At six weeks old, in 1995, Shekara Grant was the youngest attendee at the Weymouth Falls community’s biannual reunion. Thirty years later, Grant is the founder of the Weymouth Falls Community Land Trust, working with a team of volunteers to help their community steward their land as a collective.
It started with a contested land deed.
Aubrey Jarvis, who served in the No. 2 Construction Battalion – the first battalion of Black soldiers in Canada – and his wife, Janie R. Jarvis, passed their land in Digby County, Nova Scotia, down to Grant’s great-grandparents. They willed their land to their children, one of whom is Grant’s grandmother, who inherited the land when they died. But in 1978, one of her great-grandparent’s siblings challenged the will. For years, Grant’s family paid property taxes on this land, only to learn their deed had been challenged and overturned. When they stopped paying taxes, the property went up for tax sale, and Grant’s grandmother tried to buy it back. She was unsuccessful, but she kept track of local property tax sales through newspaper clippings in hopes of buying it back. In 2021, Grant found the owner’s address in the property registry and sent them a letter to inquire about purchasing the land. Her efforts were successful and she purchased her family’s land in 2022. But she realized that not understanding the process of using technology to access the land registry online or seeking public information about property ownership at the land registration office was a key barrier for residents. She heard similar stories about other Weymouth Falls families and their land, which prompted her to establish the Weymouth Falls Community Land Trust.

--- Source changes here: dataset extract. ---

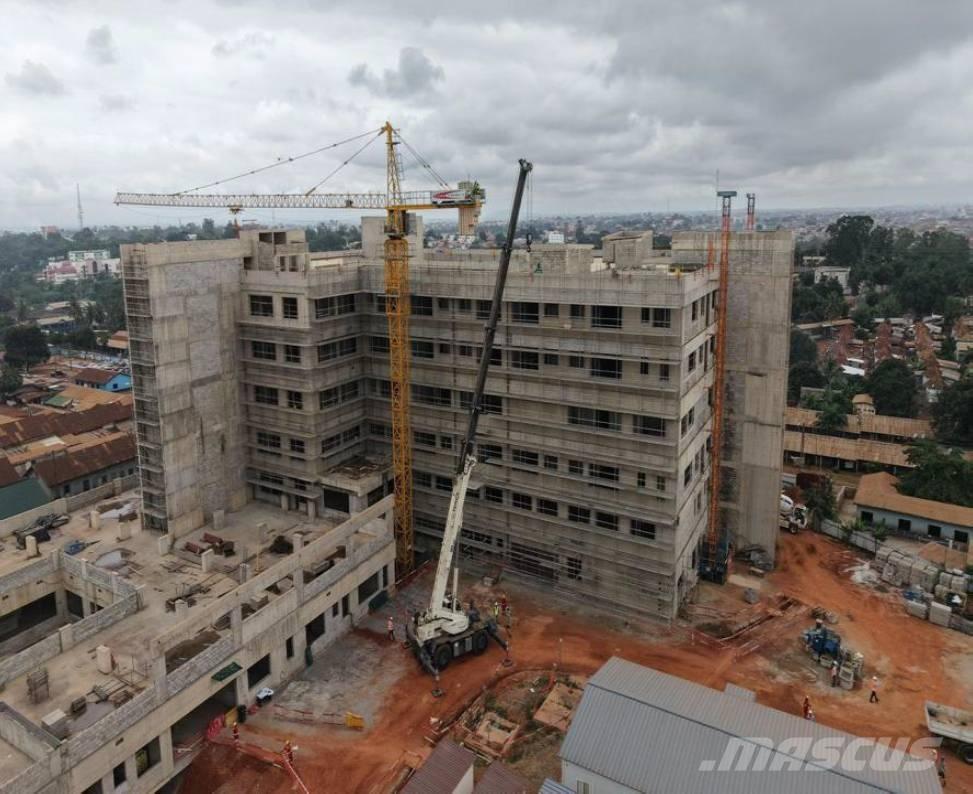 Zoomlion QTZ80 Kule vinçler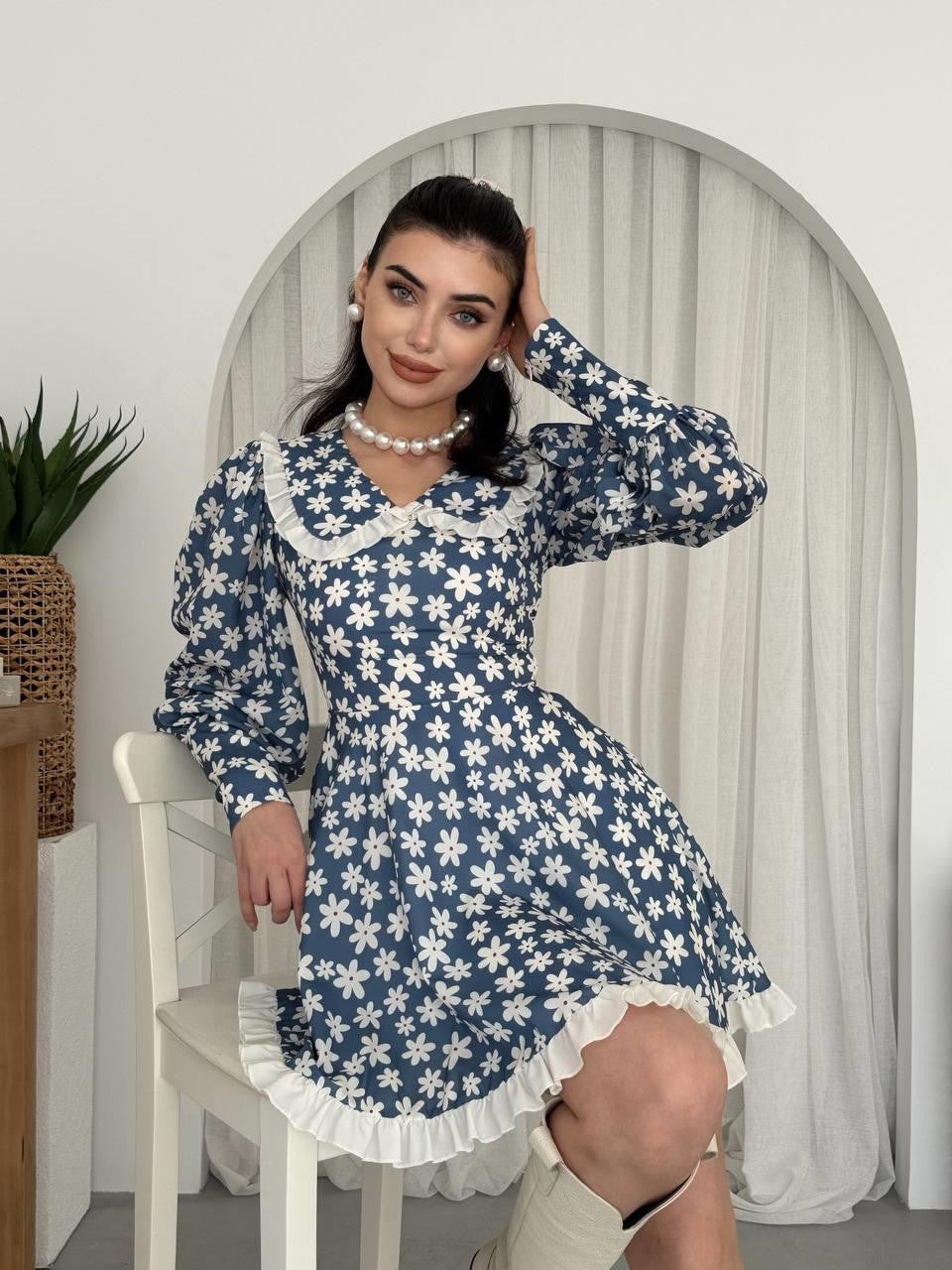 Rochie Vero Bebe cu guler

“They were all dispossessed in some way, shape, or form,” Grant says, which inspired her to begin engaging the Black community to work together to reclaim land taken from them.
Land dispossession is not unique to rural Nova Scotia. Several predominantly Black neighbourhoods and organizations across Canada are trying to retrieve land and collectively purchase property to counter gentrification and racist planning policies that have disrupted their communities. Many have established or are working toward a collective ownership model called a community land trust (CLT) to secure this goal. Organized with the intention to acquire and steward land for the benefit of local communities, CLTs are collectively owned and create affordable community spaces and residential housing. But CLTs are not easy to start or maintain. Organizers and networks across Canada are creating more opportunities to share knowledge and simplify the process for other communities.
“Most land trusts, the ones that are most successful, are started, organized, and stewarded by community members,” says Jane O’Brien Davis, the CLT specialist at the Canadian Network of Community Land Trusts (CNCLT), a non-profit that helps CLTs develop or steward permanent affordable housing, land, and other assets for their member communities. Many of the CNCLT staff have urban planning backgrounds, but long-time land trust organizers are also part of their team.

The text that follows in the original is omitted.